This book chapter is titled "thermochemistry". Thermochemistry is only a small part of a larger field of study called Thermodynamics (taught in Chem 312: Physical Chemistry 1). This section attempt to introduce you MANY additional topics and i personally find it a bit overwhelming...so just skim this section. The following are take home points:
- - 1st Law of Thermodynamics, energy cannot be created or destroyed only converted from one form to another.
- - the change in (internal) energy (abbreviated ΔU) is a result of either heat (q) being transferred or work (w) being done --> ΔU = q + w <--this is another way of writing the 1st Law.
Sec 6.4 Enthalpy of Chemical Reactions
The term enthalpy, abbreviated ΔH, was discussed in lab. Although this term is derived from the complexity of thermodynamics, it can be thought of as simply the amount of heat given off (or take up) during a chemical reaction...technically...a chemical reaction at constant pressure. All balanced chemical reactions have integer values for stoichiometric coefficients so when the amount of heat given off (or taken up) by a reaction is noted, it is usually given in units of J/mol.
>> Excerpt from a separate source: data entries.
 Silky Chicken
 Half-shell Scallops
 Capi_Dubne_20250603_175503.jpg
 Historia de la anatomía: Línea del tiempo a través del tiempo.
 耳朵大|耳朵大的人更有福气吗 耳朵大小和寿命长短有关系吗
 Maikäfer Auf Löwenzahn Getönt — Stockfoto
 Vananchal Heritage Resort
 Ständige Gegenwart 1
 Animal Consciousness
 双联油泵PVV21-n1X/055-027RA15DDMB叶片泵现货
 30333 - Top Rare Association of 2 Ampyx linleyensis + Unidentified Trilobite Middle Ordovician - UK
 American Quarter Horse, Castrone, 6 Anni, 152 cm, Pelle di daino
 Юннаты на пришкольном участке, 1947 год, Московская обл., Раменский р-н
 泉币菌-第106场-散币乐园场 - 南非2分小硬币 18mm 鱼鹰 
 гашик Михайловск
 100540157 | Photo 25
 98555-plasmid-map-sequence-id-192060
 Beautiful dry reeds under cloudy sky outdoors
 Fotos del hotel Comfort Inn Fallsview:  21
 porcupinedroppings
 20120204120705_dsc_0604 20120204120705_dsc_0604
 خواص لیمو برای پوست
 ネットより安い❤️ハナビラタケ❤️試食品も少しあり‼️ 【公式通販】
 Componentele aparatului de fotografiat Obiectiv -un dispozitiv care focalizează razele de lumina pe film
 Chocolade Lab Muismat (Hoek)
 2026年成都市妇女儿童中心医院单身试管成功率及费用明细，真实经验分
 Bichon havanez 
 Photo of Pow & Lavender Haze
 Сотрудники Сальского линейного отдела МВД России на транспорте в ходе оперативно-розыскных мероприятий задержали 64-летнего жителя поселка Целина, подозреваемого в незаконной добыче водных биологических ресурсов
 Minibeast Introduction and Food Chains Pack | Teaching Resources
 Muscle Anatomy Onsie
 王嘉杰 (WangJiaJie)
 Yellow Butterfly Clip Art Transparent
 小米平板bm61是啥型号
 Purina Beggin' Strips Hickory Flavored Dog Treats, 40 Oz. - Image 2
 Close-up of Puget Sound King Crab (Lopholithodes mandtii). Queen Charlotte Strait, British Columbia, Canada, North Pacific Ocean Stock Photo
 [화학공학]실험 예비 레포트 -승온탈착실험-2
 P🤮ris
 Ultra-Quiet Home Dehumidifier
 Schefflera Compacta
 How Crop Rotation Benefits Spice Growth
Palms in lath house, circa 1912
Here is an example:
- CH4 (g) + 2 O2 (g) --> CO2 (g) + 2 H2O (l)
The enthalpy for this reaction could be presented in a variety of ways:
- 1) -890.4 kJ ...for the rxn as shown,
- 2) -890.4 kJ/mol of CH4 consumed,
- 3) -890.4 kJ/2 moles of O2 consumed, or -445.2 kJ/mol O2 consumed,
- 4) -890.4 kJ/mol of CO2 produced,
- 5) -890.4 kJ/2 moles of H2O produced or -445.2 kJ/mol H2 O produced...
- this is why this stuff can be confusing!